We specifically look for people who are comfortable and enjoy being outdoors, especially in the field on boats and in the water. Volunteers should be in good physical shape and enjoy hands-on work. Ability to swim is a requirement. Certified divers are strongly encouraged to apply.

If interested, please send your CV/resume and a list of available meeting times to Diana Chin and Stephen Heck (diana.chin@stonybrook.edu, heck.stephen@gmail.com). Please note that it is unlikely that you will work exclusively on one project, though you might work primarily on one or two. We think that exploring a variety of research questions and methods is essential to your scientific development!

Summer Research Topics:

Steve Heck: predator-prey interactions among fish, crabs, and bivalves

Steve will be researching how black sea bass influence trophic cascades that govern the survival of bivalves such as blue mussels and bay scallops. Experiments will be conducted both in mesocosm tanks at the Stony Brook University Southampton Marine Station as well as in the field in Shinnecock Bay, NY.

Alyson Lowell: seagrasses and ocean acidification

Alyson will employ a myriad of field and laboratory approaches to investigate how carbon dioxide enrichment affects carbonate chemistry in seagrass communities and whether seagrasses will serve as a refuge for marine organisms in a high CO2 world. Students working with her will be exposed to exciting field and laboratory techniques and will be taught to run successful ocean acidification experiments. Volunteers who are field oriented and SCUBA certified are encouraged.
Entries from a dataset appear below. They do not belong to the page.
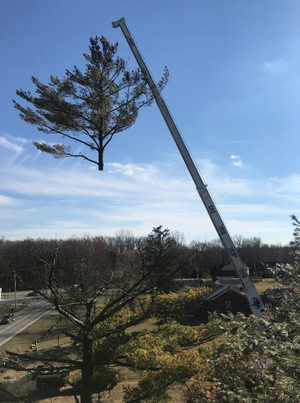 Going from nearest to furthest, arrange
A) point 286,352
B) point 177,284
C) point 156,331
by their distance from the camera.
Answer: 1. point 286,352
2. point 156,331
3. point 177,284

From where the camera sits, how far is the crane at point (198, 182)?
9630 millimetres

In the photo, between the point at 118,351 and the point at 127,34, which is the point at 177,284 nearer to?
the point at 118,351

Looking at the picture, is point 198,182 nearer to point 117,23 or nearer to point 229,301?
point 117,23

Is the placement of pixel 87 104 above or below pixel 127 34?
below

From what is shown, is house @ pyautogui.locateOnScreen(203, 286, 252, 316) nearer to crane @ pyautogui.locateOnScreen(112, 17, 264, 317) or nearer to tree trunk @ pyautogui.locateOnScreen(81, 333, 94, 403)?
crane @ pyautogui.locateOnScreen(112, 17, 264, 317)

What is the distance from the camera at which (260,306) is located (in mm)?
9383

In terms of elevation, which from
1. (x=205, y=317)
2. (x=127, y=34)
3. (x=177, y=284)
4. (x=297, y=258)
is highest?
(x=127, y=34)

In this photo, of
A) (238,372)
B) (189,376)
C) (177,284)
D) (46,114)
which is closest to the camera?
(238,372)

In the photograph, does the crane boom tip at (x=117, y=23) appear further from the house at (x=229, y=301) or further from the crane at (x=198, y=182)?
the house at (x=229, y=301)

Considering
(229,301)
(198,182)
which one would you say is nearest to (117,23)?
(198,182)

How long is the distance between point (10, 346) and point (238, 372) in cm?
1902

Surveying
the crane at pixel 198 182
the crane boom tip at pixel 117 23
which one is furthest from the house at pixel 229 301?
the crane boom tip at pixel 117 23

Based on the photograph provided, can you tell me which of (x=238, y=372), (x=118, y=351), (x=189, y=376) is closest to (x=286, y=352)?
(x=238, y=372)

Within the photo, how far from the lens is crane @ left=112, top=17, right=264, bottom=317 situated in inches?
379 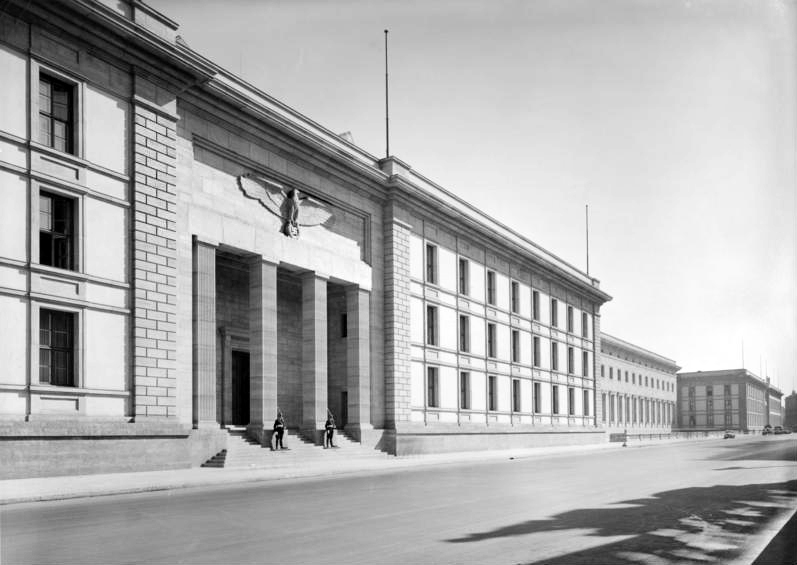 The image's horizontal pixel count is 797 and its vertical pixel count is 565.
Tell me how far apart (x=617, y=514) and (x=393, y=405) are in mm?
22330

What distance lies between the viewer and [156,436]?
21.0 m

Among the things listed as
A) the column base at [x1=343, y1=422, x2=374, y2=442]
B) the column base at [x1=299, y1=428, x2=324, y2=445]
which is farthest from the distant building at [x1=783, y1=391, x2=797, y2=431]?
the column base at [x1=299, y1=428, x2=324, y2=445]

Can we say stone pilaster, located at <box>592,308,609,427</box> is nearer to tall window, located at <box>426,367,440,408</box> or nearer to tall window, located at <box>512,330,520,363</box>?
tall window, located at <box>512,330,520,363</box>

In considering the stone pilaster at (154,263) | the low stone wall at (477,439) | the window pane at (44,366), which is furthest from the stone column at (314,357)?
the window pane at (44,366)

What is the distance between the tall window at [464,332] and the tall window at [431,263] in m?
3.71

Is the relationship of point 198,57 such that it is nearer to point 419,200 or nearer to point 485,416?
point 419,200

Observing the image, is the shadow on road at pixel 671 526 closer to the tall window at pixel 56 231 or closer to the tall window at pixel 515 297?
the tall window at pixel 56 231

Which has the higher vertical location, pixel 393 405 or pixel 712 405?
pixel 393 405

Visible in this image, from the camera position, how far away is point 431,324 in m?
37.8

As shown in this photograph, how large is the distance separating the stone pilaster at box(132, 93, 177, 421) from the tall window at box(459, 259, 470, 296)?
21.3 metres

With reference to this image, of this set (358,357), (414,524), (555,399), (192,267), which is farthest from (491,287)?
(414,524)

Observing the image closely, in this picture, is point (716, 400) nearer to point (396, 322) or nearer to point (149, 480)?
point (396, 322)

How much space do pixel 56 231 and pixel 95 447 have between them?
5786mm

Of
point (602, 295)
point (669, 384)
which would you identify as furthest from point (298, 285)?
point (669, 384) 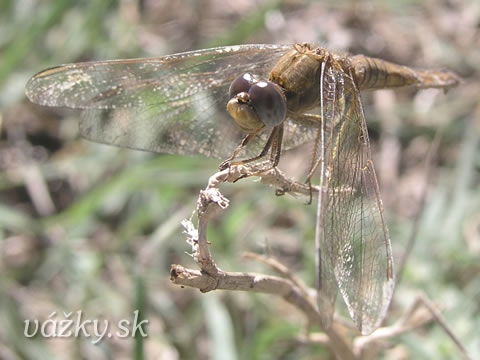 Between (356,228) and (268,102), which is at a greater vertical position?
(268,102)

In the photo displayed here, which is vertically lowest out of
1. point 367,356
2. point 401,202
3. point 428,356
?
point 401,202

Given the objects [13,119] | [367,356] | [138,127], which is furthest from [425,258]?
[13,119]

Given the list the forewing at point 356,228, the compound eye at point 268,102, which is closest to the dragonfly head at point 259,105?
the compound eye at point 268,102

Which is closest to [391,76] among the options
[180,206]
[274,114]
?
[274,114]

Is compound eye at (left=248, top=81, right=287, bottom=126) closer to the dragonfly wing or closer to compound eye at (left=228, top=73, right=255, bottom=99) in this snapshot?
compound eye at (left=228, top=73, right=255, bottom=99)

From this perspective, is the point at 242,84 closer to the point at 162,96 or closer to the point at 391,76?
the point at 162,96

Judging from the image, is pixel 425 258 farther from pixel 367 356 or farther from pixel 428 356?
pixel 367 356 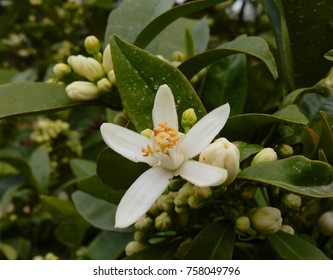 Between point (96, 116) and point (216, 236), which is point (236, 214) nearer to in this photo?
point (216, 236)

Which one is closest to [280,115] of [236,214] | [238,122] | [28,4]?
[238,122]

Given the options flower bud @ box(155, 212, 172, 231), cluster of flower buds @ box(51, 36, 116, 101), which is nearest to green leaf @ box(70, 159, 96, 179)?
cluster of flower buds @ box(51, 36, 116, 101)

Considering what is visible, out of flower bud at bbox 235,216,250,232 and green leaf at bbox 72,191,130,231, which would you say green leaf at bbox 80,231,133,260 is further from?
flower bud at bbox 235,216,250,232

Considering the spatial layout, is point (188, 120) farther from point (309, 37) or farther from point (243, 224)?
point (309, 37)

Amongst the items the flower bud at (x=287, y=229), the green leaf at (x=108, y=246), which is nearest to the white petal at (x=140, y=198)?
the flower bud at (x=287, y=229)

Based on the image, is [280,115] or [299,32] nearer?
[280,115]

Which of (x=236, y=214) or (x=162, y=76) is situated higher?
(x=162, y=76)

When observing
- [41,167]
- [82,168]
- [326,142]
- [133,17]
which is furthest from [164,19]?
[41,167]

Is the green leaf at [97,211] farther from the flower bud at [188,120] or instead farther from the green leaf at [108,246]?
the flower bud at [188,120] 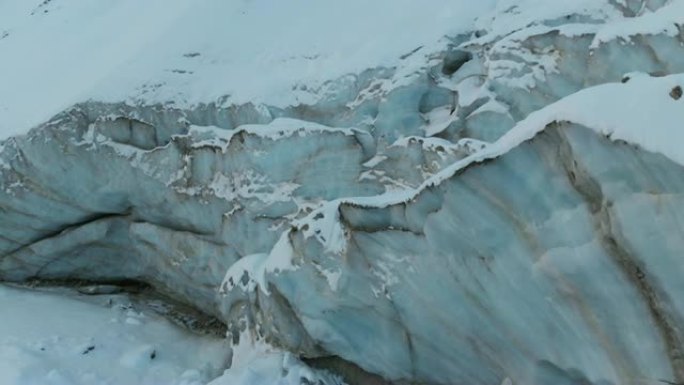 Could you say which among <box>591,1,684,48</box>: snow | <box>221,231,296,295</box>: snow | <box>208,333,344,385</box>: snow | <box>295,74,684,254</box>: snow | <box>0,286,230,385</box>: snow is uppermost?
<box>295,74,684,254</box>: snow

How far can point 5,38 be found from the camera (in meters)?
14.9

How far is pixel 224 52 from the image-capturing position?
36.2 ft

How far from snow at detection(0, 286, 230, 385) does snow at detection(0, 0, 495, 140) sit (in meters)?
2.97

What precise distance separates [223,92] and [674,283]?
750 centimetres

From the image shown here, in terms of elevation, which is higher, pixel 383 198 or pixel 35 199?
pixel 383 198

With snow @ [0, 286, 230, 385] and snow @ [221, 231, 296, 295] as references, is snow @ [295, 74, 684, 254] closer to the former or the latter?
snow @ [221, 231, 296, 295]

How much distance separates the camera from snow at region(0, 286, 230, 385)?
8.17 m

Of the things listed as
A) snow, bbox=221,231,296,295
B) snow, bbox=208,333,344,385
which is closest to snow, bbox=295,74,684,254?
snow, bbox=221,231,296,295

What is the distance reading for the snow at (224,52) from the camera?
387 inches

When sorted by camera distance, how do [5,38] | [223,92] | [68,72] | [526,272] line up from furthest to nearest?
[5,38], [68,72], [223,92], [526,272]

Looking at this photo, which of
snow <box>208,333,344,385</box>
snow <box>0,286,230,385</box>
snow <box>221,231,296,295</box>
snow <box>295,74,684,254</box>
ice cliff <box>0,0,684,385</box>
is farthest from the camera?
snow <box>0,286,230,385</box>

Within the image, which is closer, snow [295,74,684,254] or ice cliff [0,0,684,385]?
snow [295,74,684,254]

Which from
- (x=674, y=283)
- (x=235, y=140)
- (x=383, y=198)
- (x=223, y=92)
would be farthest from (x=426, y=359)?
(x=223, y=92)

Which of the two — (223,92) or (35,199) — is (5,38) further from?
(223,92)
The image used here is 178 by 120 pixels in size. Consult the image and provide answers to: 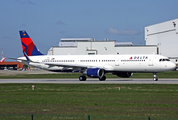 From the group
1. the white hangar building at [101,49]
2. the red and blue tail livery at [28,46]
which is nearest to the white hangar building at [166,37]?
the white hangar building at [101,49]

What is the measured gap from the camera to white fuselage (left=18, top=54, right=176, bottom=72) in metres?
48.6

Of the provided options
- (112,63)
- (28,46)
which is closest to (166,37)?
(28,46)

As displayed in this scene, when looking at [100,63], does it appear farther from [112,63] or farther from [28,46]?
[28,46]

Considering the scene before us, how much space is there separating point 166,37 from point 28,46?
3421 inches

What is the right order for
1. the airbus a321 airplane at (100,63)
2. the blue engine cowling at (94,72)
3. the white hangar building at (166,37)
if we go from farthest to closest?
the white hangar building at (166,37) < the blue engine cowling at (94,72) < the airbus a321 airplane at (100,63)

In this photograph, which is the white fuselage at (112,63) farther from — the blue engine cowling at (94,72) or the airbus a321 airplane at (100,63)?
the blue engine cowling at (94,72)

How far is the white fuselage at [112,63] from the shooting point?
1914 inches

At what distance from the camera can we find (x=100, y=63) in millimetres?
52625

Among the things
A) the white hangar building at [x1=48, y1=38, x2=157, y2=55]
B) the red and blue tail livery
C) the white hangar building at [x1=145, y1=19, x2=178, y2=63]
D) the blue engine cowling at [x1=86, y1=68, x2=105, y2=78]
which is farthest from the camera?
the white hangar building at [x1=145, y1=19, x2=178, y2=63]

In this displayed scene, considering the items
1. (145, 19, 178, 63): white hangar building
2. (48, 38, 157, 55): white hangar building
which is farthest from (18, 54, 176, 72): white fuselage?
(145, 19, 178, 63): white hangar building

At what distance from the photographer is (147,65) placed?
48.9 metres

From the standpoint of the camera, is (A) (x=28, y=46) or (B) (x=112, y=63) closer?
(B) (x=112, y=63)

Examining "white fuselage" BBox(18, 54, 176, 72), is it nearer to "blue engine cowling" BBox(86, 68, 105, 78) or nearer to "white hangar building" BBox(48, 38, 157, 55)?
"blue engine cowling" BBox(86, 68, 105, 78)
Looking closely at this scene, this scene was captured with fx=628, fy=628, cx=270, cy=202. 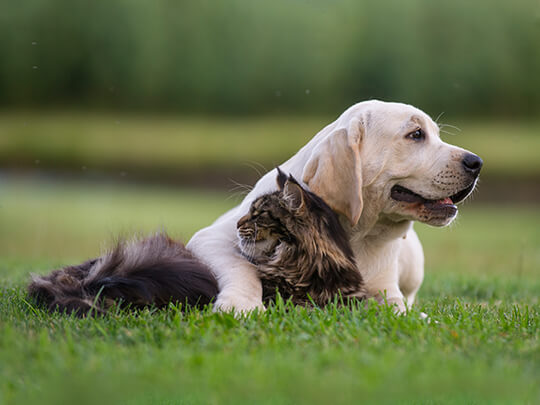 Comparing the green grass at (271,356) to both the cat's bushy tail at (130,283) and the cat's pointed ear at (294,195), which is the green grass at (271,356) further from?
the cat's pointed ear at (294,195)

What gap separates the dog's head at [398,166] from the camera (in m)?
3.46

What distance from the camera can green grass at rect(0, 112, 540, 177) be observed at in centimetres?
1494

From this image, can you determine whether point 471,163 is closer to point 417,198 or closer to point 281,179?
point 417,198

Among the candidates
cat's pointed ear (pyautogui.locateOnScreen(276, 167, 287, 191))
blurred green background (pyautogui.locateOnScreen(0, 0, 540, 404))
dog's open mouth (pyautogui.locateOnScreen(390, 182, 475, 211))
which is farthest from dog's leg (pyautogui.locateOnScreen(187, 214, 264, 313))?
blurred green background (pyautogui.locateOnScreen(0, 0, 540, 404))

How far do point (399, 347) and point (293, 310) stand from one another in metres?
0.64

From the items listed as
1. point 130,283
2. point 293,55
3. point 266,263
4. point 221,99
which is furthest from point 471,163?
point 221,99

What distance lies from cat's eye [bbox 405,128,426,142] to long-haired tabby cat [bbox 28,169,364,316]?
0.65 meters

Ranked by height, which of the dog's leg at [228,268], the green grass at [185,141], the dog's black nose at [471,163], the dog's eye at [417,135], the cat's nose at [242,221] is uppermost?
the dog's eye at [417,135]

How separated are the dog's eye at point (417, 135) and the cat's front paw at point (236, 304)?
130 cm

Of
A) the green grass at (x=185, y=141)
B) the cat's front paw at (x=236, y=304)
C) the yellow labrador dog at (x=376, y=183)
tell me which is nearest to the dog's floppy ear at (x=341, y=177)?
the yellow labrador dog at (x=376, y=183)

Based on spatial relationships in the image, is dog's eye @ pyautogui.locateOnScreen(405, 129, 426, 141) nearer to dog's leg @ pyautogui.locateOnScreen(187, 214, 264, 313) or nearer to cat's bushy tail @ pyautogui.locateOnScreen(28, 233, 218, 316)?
dog's leg @ pyautogui.locateOnScreen(187, 214, 264, 313)

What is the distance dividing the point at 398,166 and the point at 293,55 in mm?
10669

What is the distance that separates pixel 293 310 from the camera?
2967mm

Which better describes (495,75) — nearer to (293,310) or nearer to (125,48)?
(125,48) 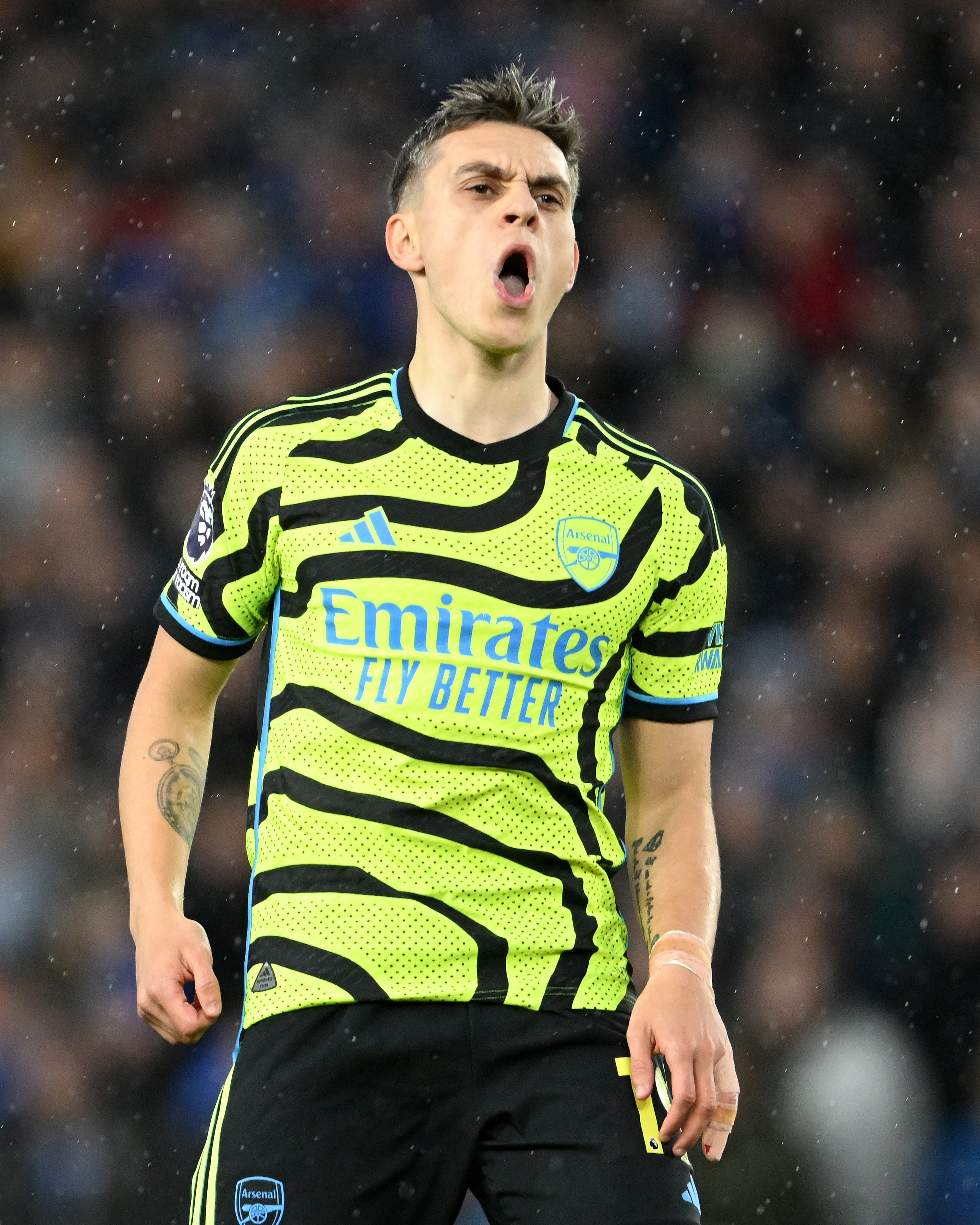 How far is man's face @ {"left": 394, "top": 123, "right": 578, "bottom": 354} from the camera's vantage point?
6.36ft

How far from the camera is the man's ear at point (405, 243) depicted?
6.86ft

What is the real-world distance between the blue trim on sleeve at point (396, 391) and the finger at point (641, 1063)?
83 centimetres

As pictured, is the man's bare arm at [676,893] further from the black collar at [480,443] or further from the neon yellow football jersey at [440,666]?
the black collar at [480,443]

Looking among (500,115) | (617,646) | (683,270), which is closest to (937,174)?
(683,270)

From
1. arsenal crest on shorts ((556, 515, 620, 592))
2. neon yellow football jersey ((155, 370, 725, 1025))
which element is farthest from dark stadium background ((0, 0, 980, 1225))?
arsenal crest on shorts ((556, 515, 620, 592))

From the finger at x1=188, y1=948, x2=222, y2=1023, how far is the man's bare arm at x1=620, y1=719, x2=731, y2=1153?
445 mm

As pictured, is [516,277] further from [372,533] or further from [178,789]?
[178,789]

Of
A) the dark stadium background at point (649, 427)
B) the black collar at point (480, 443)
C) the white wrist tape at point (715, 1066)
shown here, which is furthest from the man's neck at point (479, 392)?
the dark stadium background at point (649, 427)

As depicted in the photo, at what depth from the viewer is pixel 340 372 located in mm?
3883

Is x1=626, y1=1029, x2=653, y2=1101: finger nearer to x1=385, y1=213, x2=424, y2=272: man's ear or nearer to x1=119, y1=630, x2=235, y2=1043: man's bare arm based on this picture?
x1=119, y1=630, x2=235, y2=1043: man's bare arm

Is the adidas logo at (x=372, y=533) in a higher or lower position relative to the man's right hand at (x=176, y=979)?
higher

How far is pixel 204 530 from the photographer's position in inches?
75.3

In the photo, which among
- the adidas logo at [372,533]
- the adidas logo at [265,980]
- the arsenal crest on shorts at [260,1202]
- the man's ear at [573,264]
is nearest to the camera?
the arsenal crest on shorts at [260,1202]

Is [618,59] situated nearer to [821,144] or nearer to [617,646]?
[821,144] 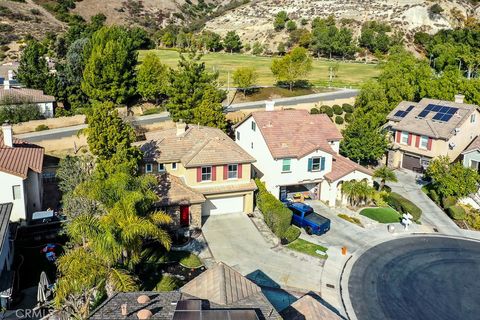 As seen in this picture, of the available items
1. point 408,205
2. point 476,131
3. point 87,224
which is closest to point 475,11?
point 476,131

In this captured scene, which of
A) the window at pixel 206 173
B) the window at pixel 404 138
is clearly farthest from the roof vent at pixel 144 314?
the window at pixel 404 138

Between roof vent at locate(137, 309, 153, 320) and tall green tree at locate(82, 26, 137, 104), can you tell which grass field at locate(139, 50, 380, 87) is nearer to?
tall green tree at locate(82, 26, 137, 104)

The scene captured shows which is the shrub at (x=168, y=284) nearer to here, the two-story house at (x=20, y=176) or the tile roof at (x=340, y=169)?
the two-story house at (x=20, y=176)

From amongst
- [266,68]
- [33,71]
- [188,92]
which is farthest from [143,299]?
[266,68]

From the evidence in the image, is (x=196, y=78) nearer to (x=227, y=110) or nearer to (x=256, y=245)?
(x=227, y=110)

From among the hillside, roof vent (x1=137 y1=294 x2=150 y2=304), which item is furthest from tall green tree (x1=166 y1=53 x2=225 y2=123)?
the hillside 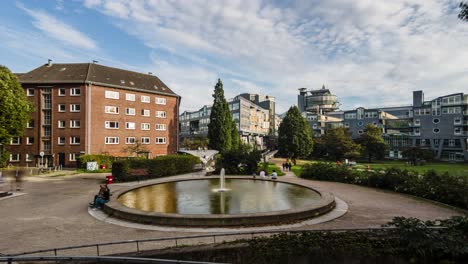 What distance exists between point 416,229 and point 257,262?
546 cm

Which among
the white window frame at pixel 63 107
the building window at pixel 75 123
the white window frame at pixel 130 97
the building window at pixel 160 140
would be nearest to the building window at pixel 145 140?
the building window at pixel 160 140

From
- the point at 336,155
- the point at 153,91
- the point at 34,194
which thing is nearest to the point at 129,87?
the point at 153,91

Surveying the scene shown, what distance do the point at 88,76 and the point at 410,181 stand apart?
48.7m

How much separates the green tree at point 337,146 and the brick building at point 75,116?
49331 mm

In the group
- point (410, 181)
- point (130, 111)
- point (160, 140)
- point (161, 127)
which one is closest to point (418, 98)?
point (410, 181)

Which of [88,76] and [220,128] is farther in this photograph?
[220,128]

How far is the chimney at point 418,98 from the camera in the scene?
85.4m

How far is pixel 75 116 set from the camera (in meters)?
44.3

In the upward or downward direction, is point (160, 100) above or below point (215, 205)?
above

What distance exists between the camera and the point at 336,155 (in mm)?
71688

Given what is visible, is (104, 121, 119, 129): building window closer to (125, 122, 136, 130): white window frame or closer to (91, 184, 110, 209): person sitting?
(125, 122, 136, 130): white window frame

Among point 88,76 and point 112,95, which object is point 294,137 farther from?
point 88,76

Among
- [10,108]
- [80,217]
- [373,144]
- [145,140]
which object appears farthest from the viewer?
[373,144]

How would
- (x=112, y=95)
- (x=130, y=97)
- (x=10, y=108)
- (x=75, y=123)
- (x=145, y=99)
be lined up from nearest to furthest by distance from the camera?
(x=10, y=108), (x=75, y=123), (x=112, y=95), (x=130, y=97), (x=145, y=99) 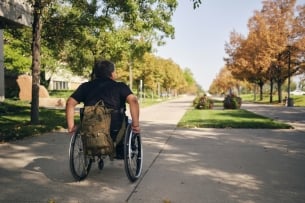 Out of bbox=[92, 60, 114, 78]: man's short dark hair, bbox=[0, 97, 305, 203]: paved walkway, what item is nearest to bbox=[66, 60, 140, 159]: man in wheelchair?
bbox=[92, 60, 114, 78]: man's short dark hair

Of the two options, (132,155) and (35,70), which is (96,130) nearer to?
(132,155)

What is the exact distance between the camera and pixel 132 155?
17.7ft

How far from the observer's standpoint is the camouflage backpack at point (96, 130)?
4.86 metres

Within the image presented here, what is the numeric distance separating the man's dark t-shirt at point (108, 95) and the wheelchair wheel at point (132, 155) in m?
0.21

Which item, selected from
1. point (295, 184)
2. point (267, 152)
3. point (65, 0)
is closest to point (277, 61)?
point (65, 0)

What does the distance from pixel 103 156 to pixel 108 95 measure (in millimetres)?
851

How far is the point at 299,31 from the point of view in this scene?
38.7 meters

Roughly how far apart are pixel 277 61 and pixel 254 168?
118 ft

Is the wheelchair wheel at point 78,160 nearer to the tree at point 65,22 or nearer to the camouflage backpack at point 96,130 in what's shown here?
the camouflage backpack at point 96,130

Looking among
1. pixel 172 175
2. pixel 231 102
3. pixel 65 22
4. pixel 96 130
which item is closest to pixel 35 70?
pixel 65 22

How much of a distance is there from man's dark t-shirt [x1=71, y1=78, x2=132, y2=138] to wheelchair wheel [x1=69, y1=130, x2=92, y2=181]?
466mm

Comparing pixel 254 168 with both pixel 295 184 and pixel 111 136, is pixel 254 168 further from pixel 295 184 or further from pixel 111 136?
pixel 111 136

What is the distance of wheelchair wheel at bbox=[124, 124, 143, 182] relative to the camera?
5047 mm

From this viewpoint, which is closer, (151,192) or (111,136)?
(151,192)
Kaitlyn O’Toole: water quality and bio-optical modeling

This summer Kaitlyn will be continuing work on a bio-optical model (generally having to do with how much light reaches the bottom of the water column), which will be used to target feasible areas of seagrass restoration. This involves plenty of fieldwork in both Peconic and Great South Bay: water sampling weekly, SCUBA transect dives for site characteristics, productivity and epiphyte measurements in seagrass, sediment sampling, tidal/wave current velocity measurements, and drone imagery of seagrass sites. Kaitlyn is typically out on the water 1-3 times a week, depending on the weather. You will learn how to collect and filter whole water samples, use the equipment to measure water column properties, learn about and snorkel (or SCUBA if certified) around seagrass, learn sampling techniques for seagrass, water, and sediments, and obtain boating experience.

Leah Reidenbach: food webs, invertebrate physiology, and ocean acidification

Leah will be developing a method for using underwater photomosaics as a tool for building food webs in seagrass ecosystems. She will compare food webs across a eutrophication gradient to test if food web characteristics can determine differences in ecosystem stability. Volunteers will get experience with fieldwork and sampling animal tissue for stable isotope analysis. She will also be testing the effects of ocean acidification and temperature on mud crab physiology. Here, volunteers will get experience with setting up ocean acidification experiments and testing animal physiology responses such as respiration and calcification.

Dylan Cottrell: seagrass community ecology

Dylan will broadly focus on species distributions, edge effects, habitat complexity, and/or seagrass community responses along a stress gradient (namely eutrophication).

Other Monitoring and Research

The lab will be deploying eelgrass- and shellfish-based restoration projects and conducting assessments of water quality, seagrass, and fauna in Great South Bay and Shinnecock Bay. For example, Diana Chin will be leading the Peterson lab’s benthic surveys for the Shinnecock Bay Restoration Program (ShiRP).

We hope to hear from you soon!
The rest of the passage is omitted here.